# 1 Imports

In [1]:
import pandas as pd
import requests
import re
from pytz import timezone #to select current timezone
from datetime import datetime, timedelta # creating timestamps 
from bs4 import BeautifulSoup
from lat_lon_parser import parse    # for decimal coordinates

In [None]:
# sql root and api keys. Utilizes .env file and config.py to configure password management
from config import SQL_ROOT, OPENWEATHER_API_KEY, RAPID_API_KEY
from con_cloud import con as cloud_con
from con_local import con as local_con

# 2 Functions for data acquisition and handling

## 2.1 Dataframe creation for city data

In [None]:
def cities_dataframe(cities):
  city_data = []
  population_data = []

  for city in cities:
    url = f"https://www.wikipedia.org/wiki/{city}"
    response = requests.get(url)
    city_soup = BeautifulSoup(response.content, 'html.parser')

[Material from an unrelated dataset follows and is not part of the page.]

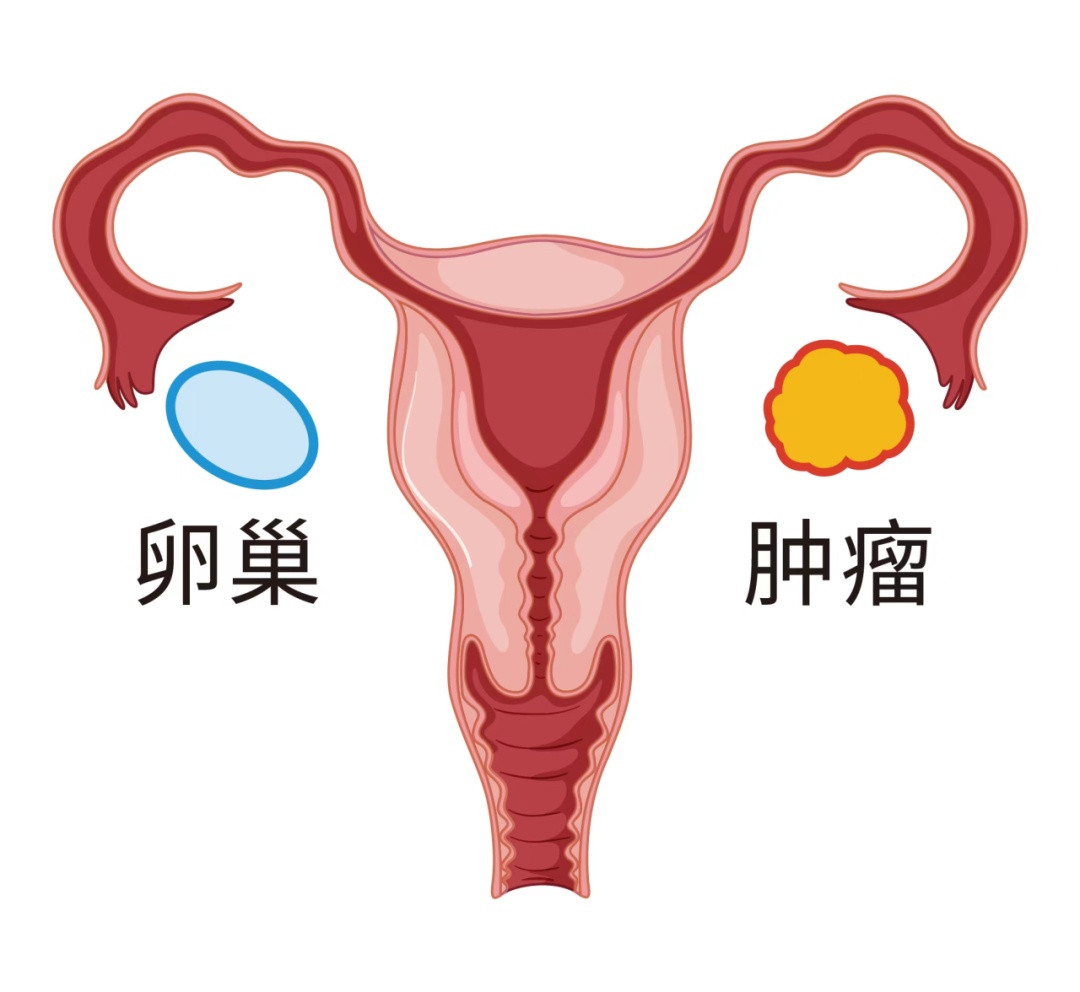 卵巢肿瘤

    # extract the relevant information
    city_latitude = city_soup.find(class_="latitude").get_text()
    city_longitude = city_soup.find(class_="longitude").get_text()
    country = city_soup.find(class_="infobox-data").get_text()

    # keep track of data per city
    city_data.append({"city": city,
                    "country": country,
                    "latitude": parse(city_latitude), # latitude in decimal format
                    "longitude": parse(city_longitude), # longitude in decimal format
                    })
    
    # extract the relevant information
    city_population = city_soup.find(string="Population").find_next("td").get_text()
    try:
      city_population_clean = int(city_population.replace(",", ""))
    except:
      city_population_clean = -999
    today = datetime.today().strftime("%Y-%m-%d")
    pop_census = city_soup.find(string = 'Population').find_next('div').get_text()
    try:
      yr_census = re.findall(r'[0-9]{4}', pop_census)[0]
    except:
      yr_census = -999

    # for each city we append a dictionary of values to the list
    population_data.append({"city": city,
                          "population": city_population_clean,
                          "population_timestamp": int(yr_census),
                          "retrieval_timestamp": today
                          })


  return pd.DataFrame(population_data), pd.DataFrame(city_data)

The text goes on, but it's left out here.